After a relatively uneventful journey up the A61/E42 autobahn in Germany, the first heavy snow started falling about 20 kilometers south of Venlo, the border crossing into the Netherlands. And it snowed, hard and fast. By the time I got to the German/Dutch border, motorway traffic was down to a crawl in the face of driving snow blowing hard from the west.
I think this storm caught everyone completely by surprise. The motorway hadn’t been salted or gritted, so it wasn’t long – literally a matter of minutes – before the road was covered in snow in spite of heavy traffic. The further I drove, through Venlo and onto the A67/E34 motorway west towards Eindhoven, the worse the conditions became until somewhere between those two towns, the motorway traffic came to a complete standstill in almost blizzard conditions with snow piling up all around us.
This photo is one I took in a rest stop in between Venlo and Eindhoven, which I’d pulled into because the windscreen wipers couldn’t shift all the snow and I needed to manually clear it away, and the washer jets were frozen up.

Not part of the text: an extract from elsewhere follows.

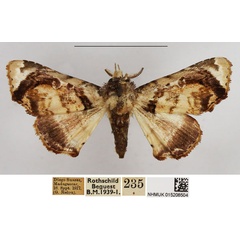 /filer/webapps/moths/media/images/G/griveaudi_Eutelia_AM_NHMUK.jpg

Boy, it was snowing hard and bitterly cold, and with a very strong wind. Getting out of the rest stop was tricky with lots of wheel spinning in the snow, which I estimated to be about 8 centimeters deep. All this had fallen in just a couple of hours. (You can’t really tell how hard it was snowing from this small pic – click the image for a larger version.)
Things got worse heading north at a crawl on the A2/E25 from Eindhoven towards ‘s-Hertogenbosch. The dashboard thermo in my car said the outside temp was around minus 2 Celsius (about 28 F) so it wasn’t long before the paved motorway began to resemble an ice rink.
In two separate places, I saw two cars which had spun off the motorway into the ditch, one car completely overturned and on its roof (in both instances, the police were there).
You couldn’t drive fast in such conditions, but that certainly didn’t stop some from doing so. Crazy, stupid people.
After passing through ‘s-Hertogenbosch heading towards Utrecht, things gradually deteriorated until, not far into the journey on that stretch of motorway, all traffic ground to a halt and then proceeded to crawl, at first-gear speeds, for the next 90 minutes or so as the snow continued and the road conditions became very treacherous for driving at any faster speed. I’d say we covered perhaps 5 kilometers (3 miles) in those 90 minutes.
At one point, I saw on the other carriageway a convoy of snow ploughs and gritters proceeding abreast across all the motorway lanes, getting rid of the snow and ice. All while it was still chucking it down with snow. These were massive trucks, surreal-looking with their orange flashing lights and bright spotlights like beacons in the darkness as you peered through the car windows into the white-speckled night. And behind that convoy, a queue of vehicles which stretched for miles and miles behind. No one made it home for dinner on Friday night.
Then, eventually getting to Utrecht, it was like passing from one dimension into another where suddenly there was no snow, no ice on the road and no strong winds. Not even any rain.
From that point, some 40 kilometers from home, I made the remaining journey in less than 20 minutes, arriving here at just gone midnight. Then, spent another 20 minutes watching local TV reporting on the chaos on the roads and railways because of the snow storm.
Quite an experience.
Whoa! Quite a journey, Neville.
Warm up and sleep. 🙂
Seems like you had a form of an American “Thanksgiving” weekend. “Giving thanks” that you are home and safe.
All the best.
Thanks Robert.
According to some reports in the Durtch media on Saturday, what I was caught up in on Friday night was part of a very big problem, including motorway queues of 40 kilometers and more and whole sections of motorway being closed.
Mind you, it doesn’t look nearly as bad as some in the UK have had it –
http://www.telegraph.co.uk/news/main.jhtml?xml=/news/2005/11/26/nsnow26.xml
In Britain we KNOW that “if three snowflakes fall then the whole country is paralysed” and we KNOW with equal certainty that everyone in Europe always copes with winter weather with smooth perfection!
It follows that your story is pure fiction or a hallucination of some kind.
Rather like the time I was in Germany on December 1st and after an hour of snow the autobahns were empty except for the vehicles that had skidded off the snowy surface and couldn’t move (and except for my car, which for some reason still was moving in the direction I intended).